La nuova “idea evoluzionaria” con cui il tempo costringerà a misurarsi sarà la capacità di ricordare; la capacità di perdonare.
Jacopo De Michelis, La montagna nel lago (Giunti)
“Forse era anche quella cosa lì l’amicizia, di cui Pietro, per la prima volta nella sua breve vita, da qualche mese stava sperimentando tutta la portata: un legame reciproco talmente intenso che ti permette di attingere alla forza altrui e sommarla alla tua, rendendoti capace di compiere imprese e raggiungere traguardi che diversamente ti sarebbero preclusi”
Che cosa insegna True Detective, se non che bisogna (sempre) diffidare dei luoghi che paiono fermi nel tempo, immersi nel sonno di una perenne periferia?
Allora ecco Montisola, arroccato scoglio nelle acque del Lago d’Iseo: italianissimo locus amoenus che pare essersi incagliato in una routine dimessa di frontiera depressa (e depressiva).
È il 1992, il turismo di massa è ben lontano da venire: dall’isola e dalle sue modeste routine, al massimo, si scappa appena si può. E così ha fatto Pietro Rota, abbandonando di strappo Cristian e Betta gli amici di sempre, lasciandosi indietro l’orizzonte ben noto e un padre aspro, imperioso e incattivito.
Meglio per lui Milano, meglio il sogno del giornalismo, meglio dirsi che – finalmente lontano – lo squallore di arrabattarsi ha pur sempre il sapore di uno squallore metropolitano.
Certo, quando suo padre Nevio viene accusato del brutale omicidio di un suo coetaneo, a Pietro tocca di malavoglia tornare sull’isola.

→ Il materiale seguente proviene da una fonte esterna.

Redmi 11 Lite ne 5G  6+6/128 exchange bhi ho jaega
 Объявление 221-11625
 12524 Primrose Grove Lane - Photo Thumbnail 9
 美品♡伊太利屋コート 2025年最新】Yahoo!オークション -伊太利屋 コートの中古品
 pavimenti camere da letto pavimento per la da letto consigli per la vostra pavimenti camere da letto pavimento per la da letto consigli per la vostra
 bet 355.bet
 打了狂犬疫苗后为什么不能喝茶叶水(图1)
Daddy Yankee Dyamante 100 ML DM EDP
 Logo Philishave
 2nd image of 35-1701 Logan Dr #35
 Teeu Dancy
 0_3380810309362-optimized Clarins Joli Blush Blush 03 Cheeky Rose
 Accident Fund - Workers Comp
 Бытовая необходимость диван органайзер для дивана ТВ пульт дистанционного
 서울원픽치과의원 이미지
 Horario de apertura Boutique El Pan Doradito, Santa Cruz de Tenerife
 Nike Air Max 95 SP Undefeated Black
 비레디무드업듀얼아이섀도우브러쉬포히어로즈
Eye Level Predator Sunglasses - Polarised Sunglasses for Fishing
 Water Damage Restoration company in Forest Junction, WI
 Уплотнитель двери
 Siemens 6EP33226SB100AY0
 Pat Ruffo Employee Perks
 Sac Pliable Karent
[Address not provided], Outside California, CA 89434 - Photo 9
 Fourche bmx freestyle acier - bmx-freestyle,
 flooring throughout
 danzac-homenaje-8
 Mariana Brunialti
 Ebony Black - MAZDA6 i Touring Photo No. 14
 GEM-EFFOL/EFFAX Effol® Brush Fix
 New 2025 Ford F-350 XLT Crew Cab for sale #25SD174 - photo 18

Con una abnegazione riluttante comincia a indagare nel paese immobile, dove la memoria conserva, malcelate, leggende di mostri lacustri e scomode memorie fasciste. C’è un albergo fermo in un tempo di contrabbando e di guerra, c’è il nome di una ragazza, ci sono le storie dei soggiorni nazisti, gli orrori della Decima Flottiglia Mas: una catena di tracce che, all’indietro, ridisegna la geografia delle sponde per restituire dall’acqua una rete fantasma di vite solcate dall’ombra.
Esattamente come ne La stazione, sono i meccanismi di emersione (e le collegate rimozioni) a battere il tempo di questo romanzo: quasi a ricordare che lì dove la perfetta superficie del lago incornicia oggi luoghi all’apparenza pacificati, nel fondo (o ai lati del nostro sguardo) rimane la responsabilità della memoria di ciò che è stato. Persino la più insospettabile bellezza sulla quale posiamo il piede può essere stata, un tempo, epicentro di cause diventate poi catene di conseguenze, diventate altre cause e altre conseguenze – fino a lambire il nostro presente.